EuropeLEOStartups

ATMOS and Space Cargo Unlimited Target First Reentry Mission in 2026

Image: ATMOS Space Cargo
Image: ATMOS Space Cargo

German reentry startup ATMOS Space Cargo and Luxembourg-based manufacturer Space Cargo Unlimited (SCU) are aiming to launch their first collaborative mission to orbit and back in 2026.

The mission will be the first of seven free-flying orbital research missions where ATMOS’ Phoenix reentry vehicle will carry SCU’s BentoBox platform to help organizations manufacture and conduct research in microgravity.

The mission: ATMOS’ Phoenix 2 vehicle will launch aboard a SpaceX Falcon 9 rideshare mission, and spend weeks in orbit. Inside the reentry vehicle, SCU’s BentoBox platform will provide payloads with the right conditions and power to conduct customer in-orbit experiments, and transmit data home through ATMOS’ comms and ground segment infrastructure.

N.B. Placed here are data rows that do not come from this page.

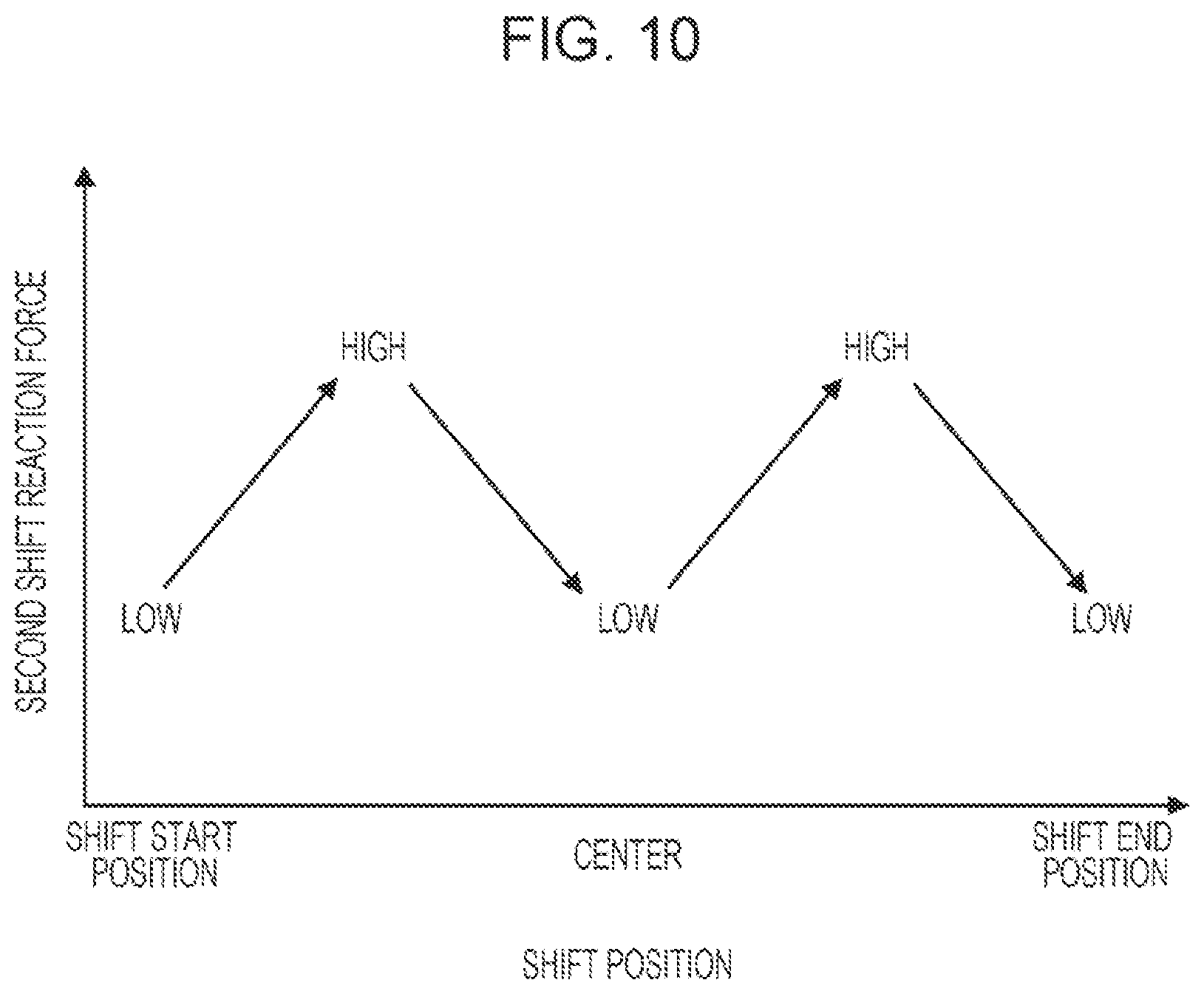 Patent US12319148 Figure 9 – Electric vehicle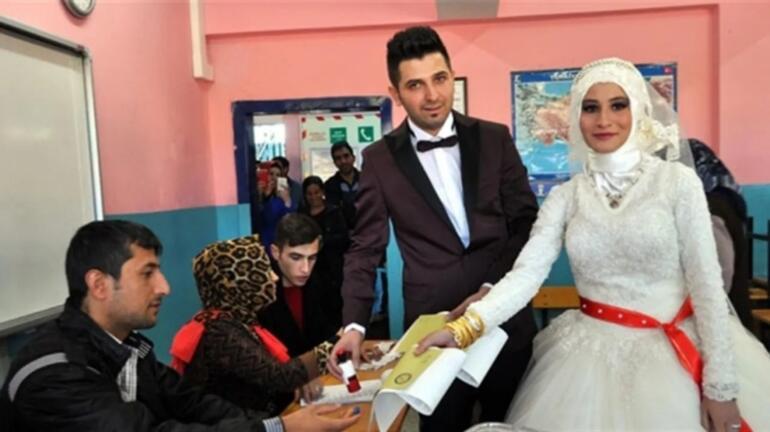 Türkiyədə seçki günü toy keçirmək olmaz? - QADAĞALAR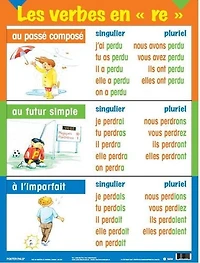 Affiches de conjugaison -3 temps de verbes (Série de 5)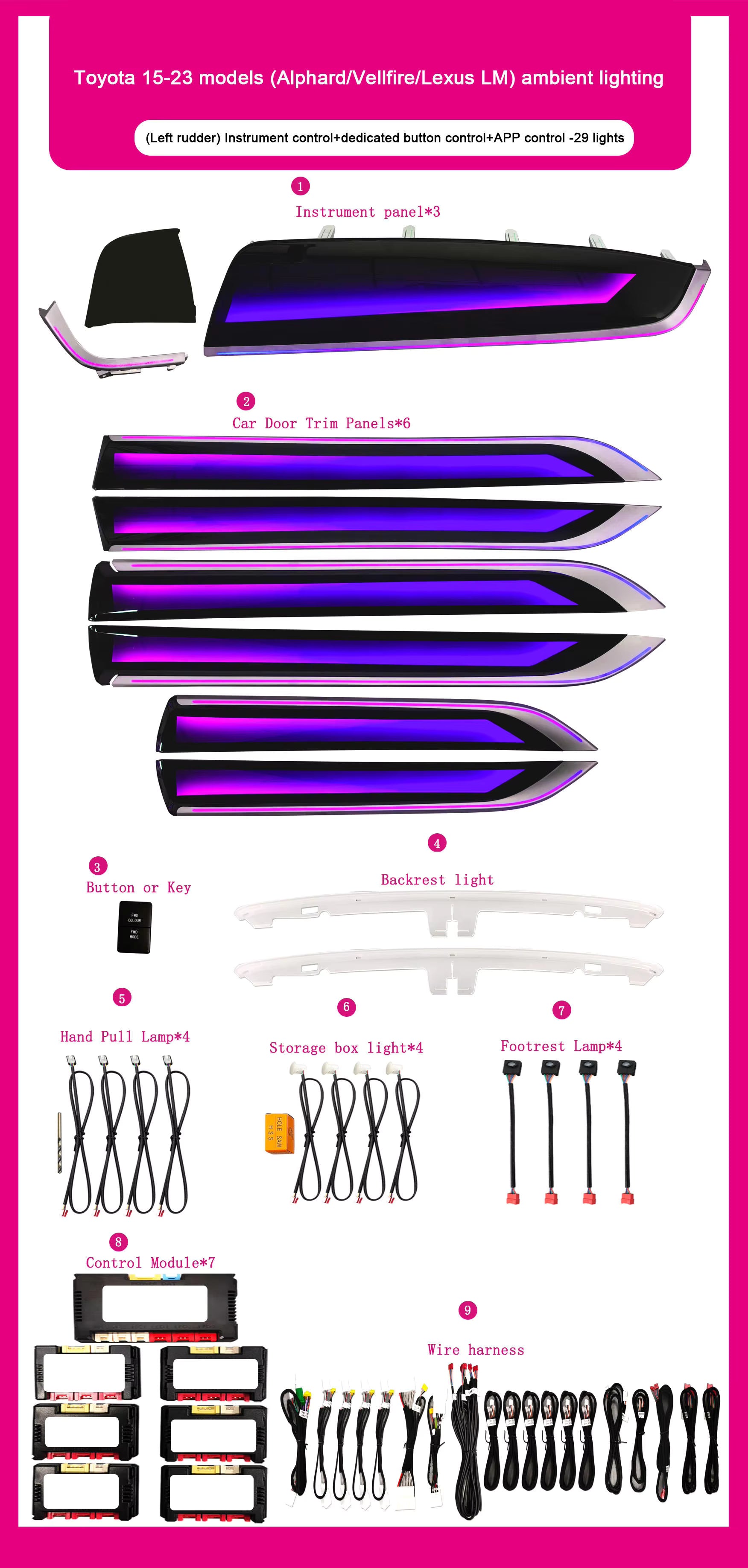 Toyota Alphard/Vellfire 30 Series RHD/LHD Auto Interior Atmosphere Light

At the end of the mission, Phoenix 2 will blast through the atmosphere using its inflatable atmospheric decelerator tech—a type of inflatable heat shield that protects its payloads from the forces of reentry, and slows the vehicle’s descent.

Unlike Phoenix 1—ATMOS’ first mission—which landed off the coast of Brazil following a last-minute trajectory change due to SpaceX requirements, Phoenix 2 is planned to land in the Azores (an autonomous region of Portugal). There, ATMOS will attempt its first water recovery.

Made over Europe: The partnership between ATMOS and SCU intends to provide European customers with sovereign access to an in-space manufacturing and research destination. 

The goal is to “make microgravity manufacturing as routine and accessible as terrestrial production, strengthening Europe’s sovereign access to and from orbit in the post-ISS era,” ATMOS CEO Sebastian Klaus said in a statement. The two companies are hoping to validate an in-space logistics business model that can service customers after the ISS is decommissioned in the 2030s.

In a previous conversation with Payload, Klaus detailed ATMOS’ long-term plans to increase the cadence of Phoenix flights to one per month, and potentially open a subsidiary in the US to capture demand from the US DoD. As demand scales, ATMOS’ technology could also scale, with the potential to take 25 metric tons of payload to orbit in one flight and open the door for large-scale factories in space, according to Klaus.